Definitely contact the agent. They will either respect your unbiased report and professionalism and contact you for future inspections, or they will not. You have nothing to lose and only a new agent to gain.:cool:

Clive,
Congrats on the good start. Others have already given you great advise. I am wondering why in the world you have not capitalized on your last name for a company brand. “Peacock” is loaded down with possibilities not to mention a logo if done right that would knock the clients off their feet. Not likely to forget the name either. It could be a marketing gold mine.

Thanks for the responses gentlemen - Much appreciated.
As luck would have it, the buyer used the same agent for the next house they looked at, so I didn’t have to contact the agent after all. The inspection went well, except for the vermiculite in the attic, and the brother of the seller had died the night before the inspection - Is it the buyer or the agent that’s the bad omen??? And no I not making this up… Anyway, the vermiculite tested negative for asbestos, so all turned out well, and the client purchased the house.

The End
Clive Peacock

Unless you made a mistake, the correspondence should not be apologetic.

Good point. :smiley:

And gongrats Clive on the start of your new career.

Understood!! Thanks for the advice.

There is a used house salesman in my area who claims that in three decades of selling houses she has had only two clients walk after a home inspection. I conducted both of them.

She told this to a client without knowing it would get back to me. In putting out this kind of message, while her intent is certainly not to help me get business, it has resulted in more inspections than she had previously referred to me.

Never “blink” when your client walks away from a house. If your marketing plan includes soliciting referrals from salesmen…do it as if nothing ever happened and establish at the very beginning of your relationship that you simply report the condition of the house and are not influenced by the outcome. If they reject you, they have done you a favor. If they complain about you to others…they are promoting your services to people who do not trust real estate salesmen to tell them the truth about a house. Either way, you win.

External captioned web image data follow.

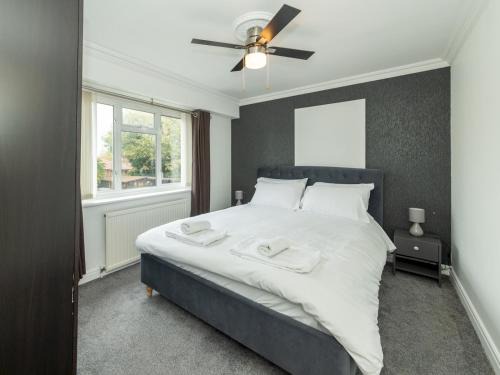 Tilehurst House | Pass the Keys Bright House with Smart TV Home Comforts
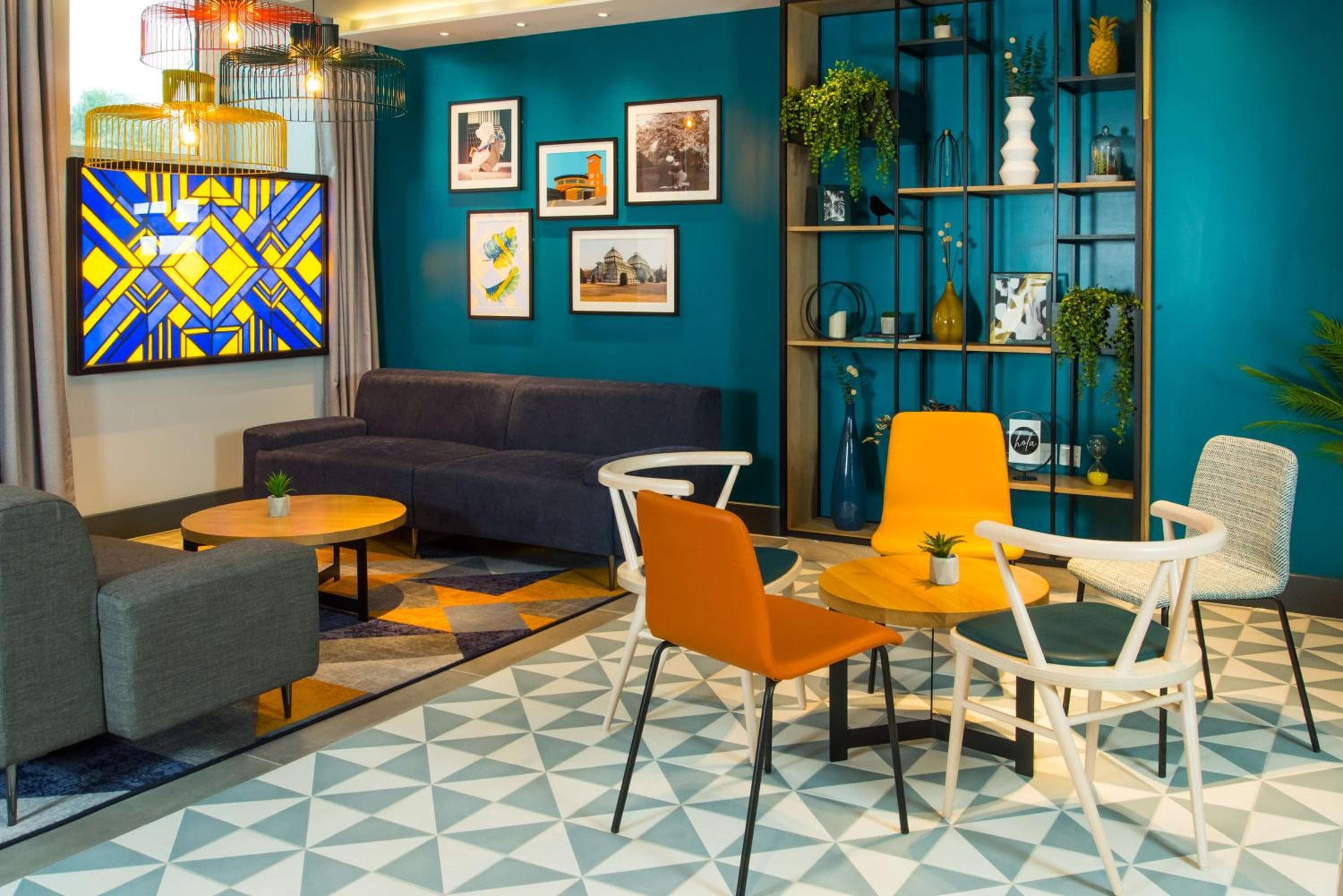Hampton by Hilton London Park Royal — 2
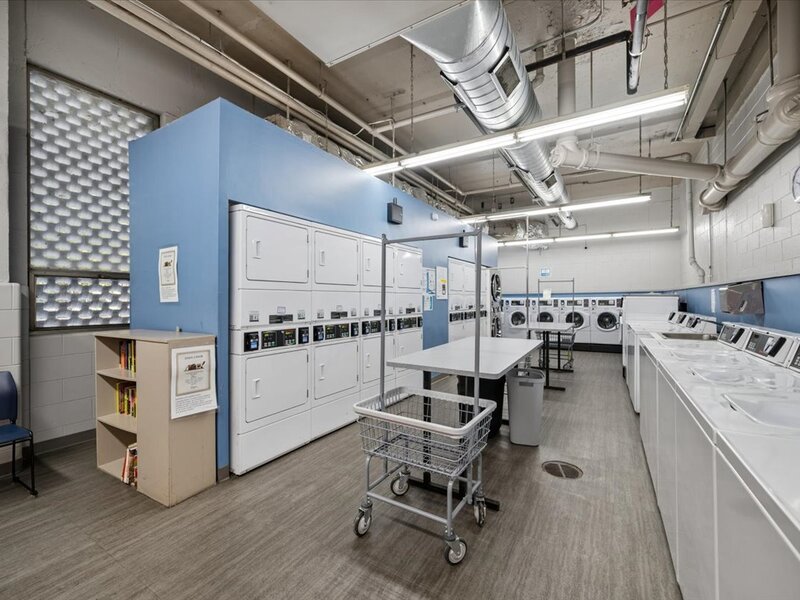 1360 N Sandburg Terrace Chicago IL 60610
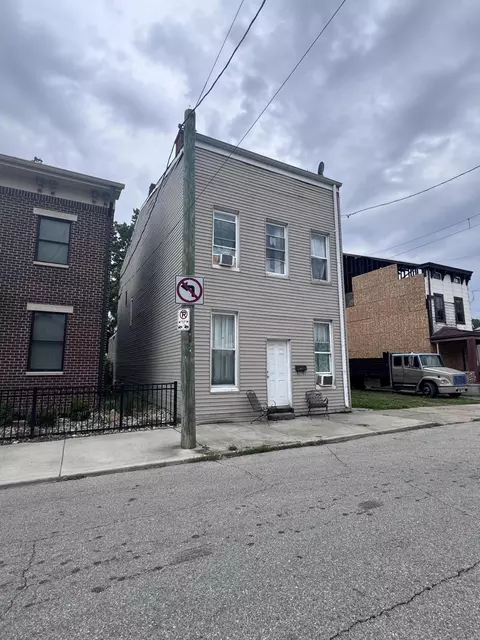 949 Philadelphia St, Covington, KY 41011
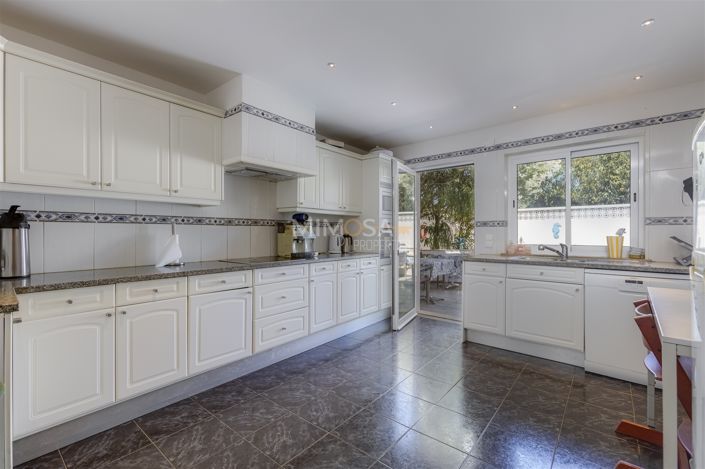 Image No.11-7 Bed House for sale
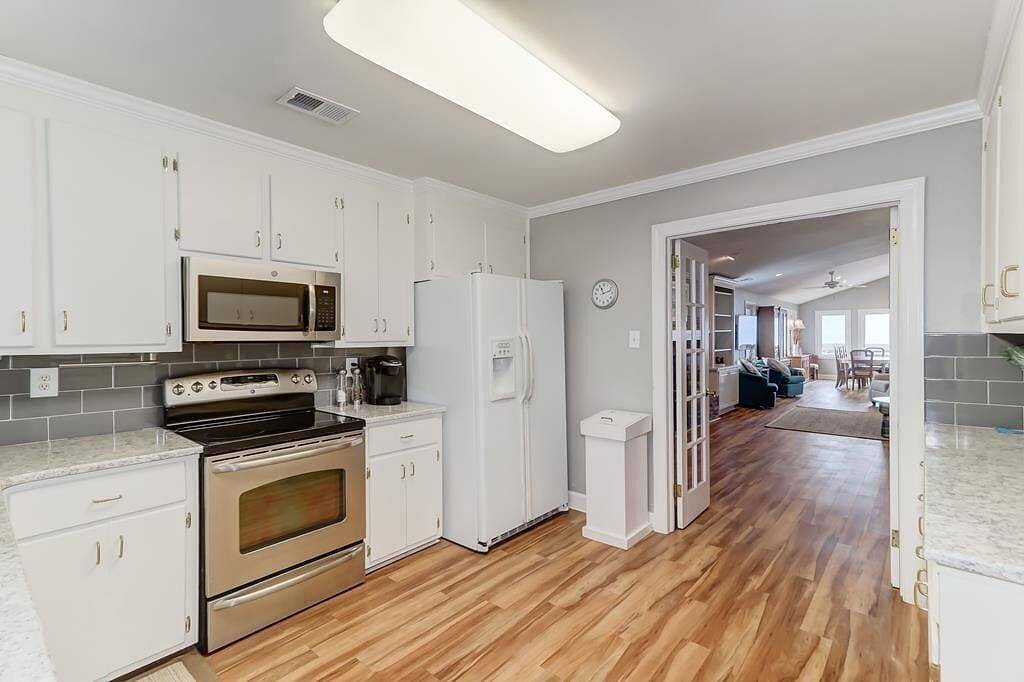 Costa La Vista! Oceanfront Home with In-law Suite - Free $250 Beach Gear Credit in Folly Beach, Charleston County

Whiners and worriers never should be in business. I sleep very well at night.

Um… The vermiculite may have tested negative for asbestos where the sample was taken from… but this doesn’t mean there is no vermiculite in other parts of the attic.

Vermiculite came in bags from a mine. Some of the bags were contaminated, some weren’t. Apparently the bag that your test came from wasn’t, but just a few inches away there still could be.

The EPA recommends that you assume vermiculite contains asbestos and leave it alone (they have a few other recommendations too) but they do not recommend testing because a negative test result may lead to an inaccurate conclusion.

Who cares what the agent thinks, send your material and be the bigger person. You did exactly what you were hired to do. Present the facts to help the buyer make a decision. Time for the agent to do HIS JOB and find the buyer another house. What you should be doing is contacting that buyer and asking if they need some help or more information to help get the next place lined up for an inspection.

sent them a “PFFFFT”

You’ll learn in any business that you can’t make everyone happy. You’ll lose clients, referrals and agents along the way. But if you did your job and made YOUR client aware of the defects, then you are on the right track.

Don’t spend time on making “nice” with a realtor on a deal that fell through. Spend time on getting your name out there to the general public. I learned a long time ago that depending on realtors for business was a poor use of my time and resources. That’s just my experience, others will disagree.

Good luck in the year to come~!

In my oppinion positive word of mouth advertising is much more powerful then real estate agent referals. Our job is to provide information to our clients so they can make decisions about the homes they are purchasing. If you did a good job for the cleint that is all that really matters in the long run. Realtors will come and go but satified cleints will market for you for a long time to come.